*** EXERCISE INPUTS Section Begins ***
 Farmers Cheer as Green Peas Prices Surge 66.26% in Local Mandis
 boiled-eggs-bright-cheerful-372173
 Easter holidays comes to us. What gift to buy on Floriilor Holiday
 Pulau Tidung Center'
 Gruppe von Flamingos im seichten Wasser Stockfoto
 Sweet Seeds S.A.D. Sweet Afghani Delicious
*** EXERCISE INPUTS Section Ends ***
*** EXERCISE INPUTS Section Begins ***
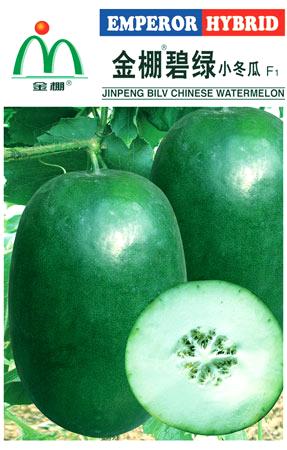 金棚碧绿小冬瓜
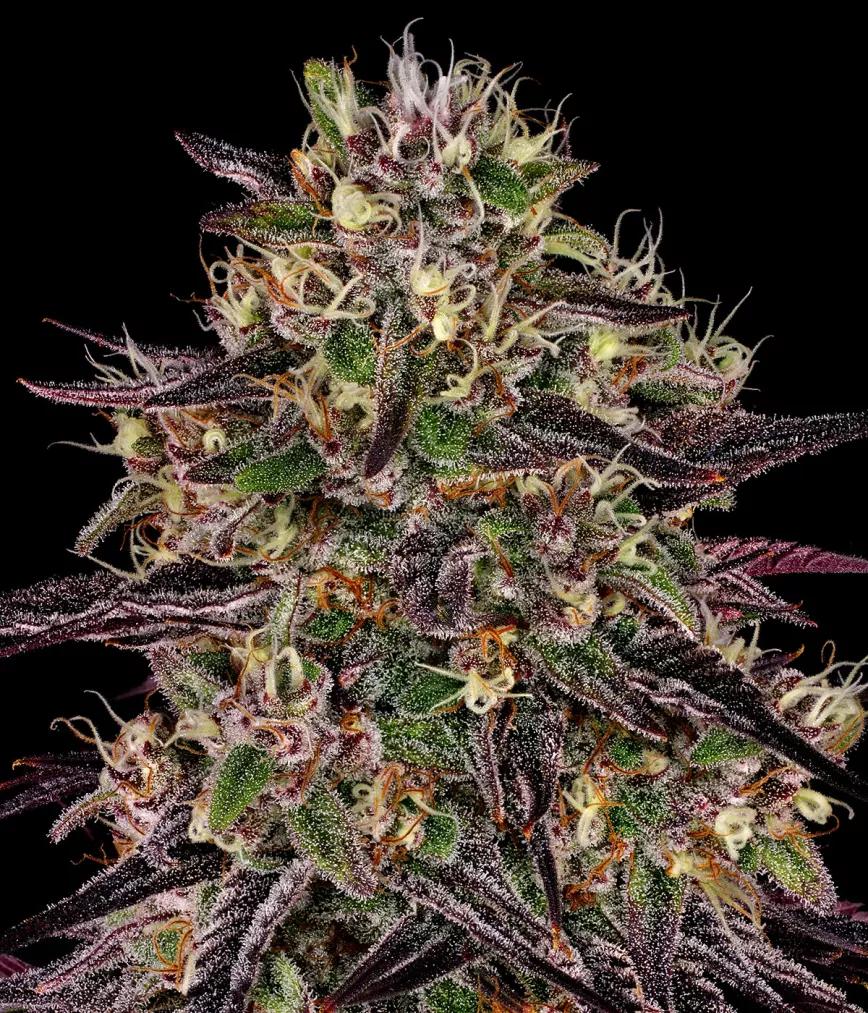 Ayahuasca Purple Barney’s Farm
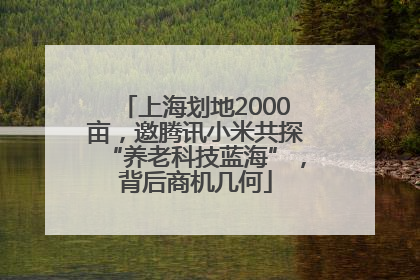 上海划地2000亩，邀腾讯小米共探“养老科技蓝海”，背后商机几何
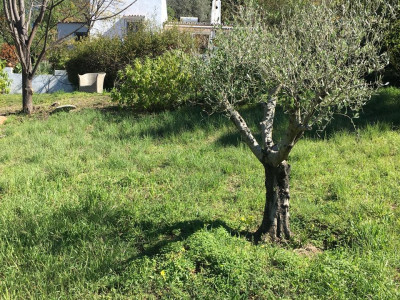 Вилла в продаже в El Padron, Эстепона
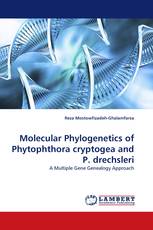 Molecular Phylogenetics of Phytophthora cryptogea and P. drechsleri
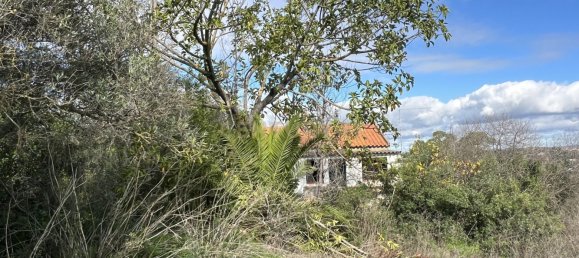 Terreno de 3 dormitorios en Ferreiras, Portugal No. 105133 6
*** EXERCISE INPUTS Section Ends ***
*** EXERCISE INPUTS Section Begins ***
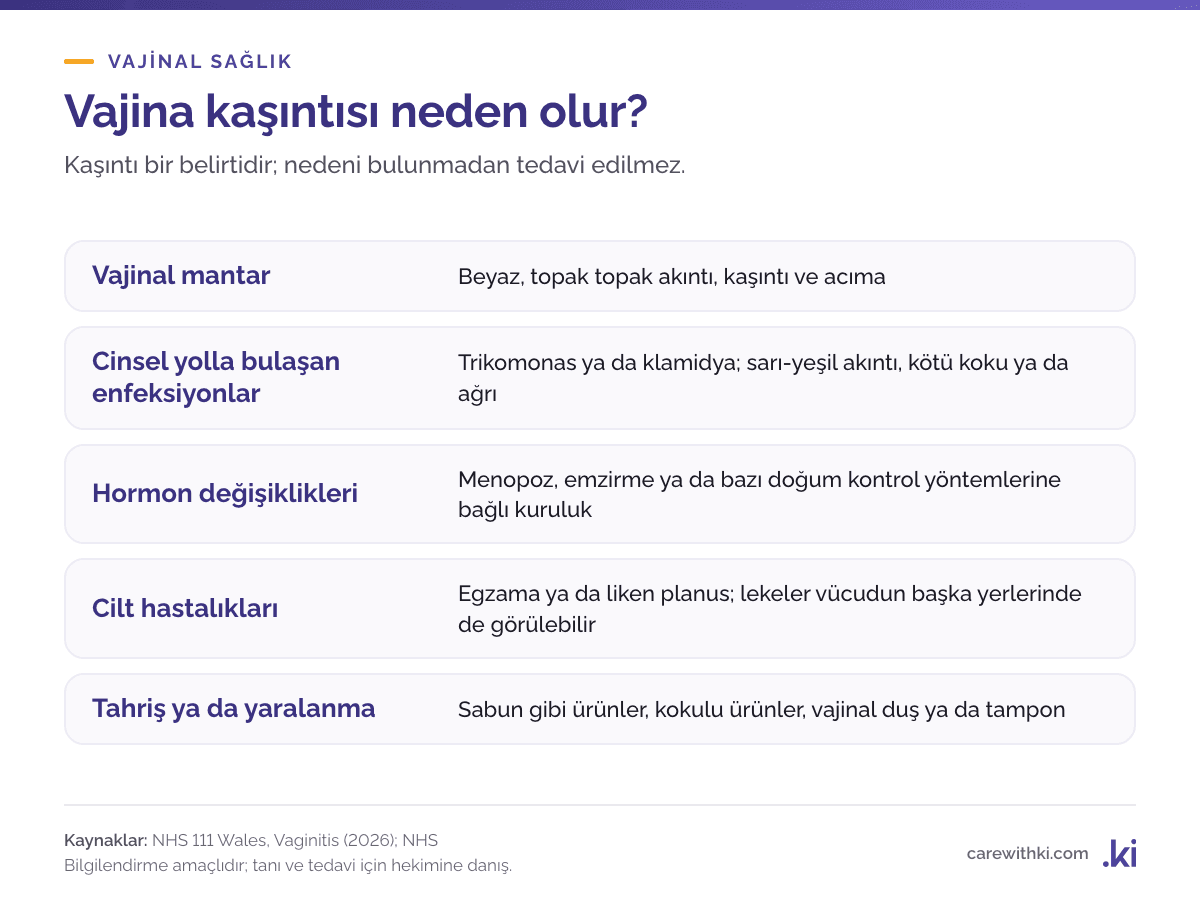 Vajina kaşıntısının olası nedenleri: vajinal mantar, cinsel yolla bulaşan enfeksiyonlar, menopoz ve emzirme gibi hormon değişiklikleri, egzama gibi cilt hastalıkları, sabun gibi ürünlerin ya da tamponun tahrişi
*** EXERCISE INPUTS Section Ends ***
[WORK ITEM]: Give back, exactly as written, the stretch from the line with "Farmers Cheer as" through the line with "Sweet Seeds S.A.D. Sweet Afghani Delicious", and no other lines from the records above.

[YOUR SOLUTION]:
 Farmers Cheer as Green Peas Prices Surge 66.26% in Local Mandis
 boiled-eggs-bright-cheerful-372173
 Easter holidays comes to us. What gift to buy on Floriilor Holiday
 Pulau Tidung Center'
 Gruppe von Flamingos im seichten Wasser Stockfoto
 Sweet Seeds S.A.D. Sweet Afghani Delicious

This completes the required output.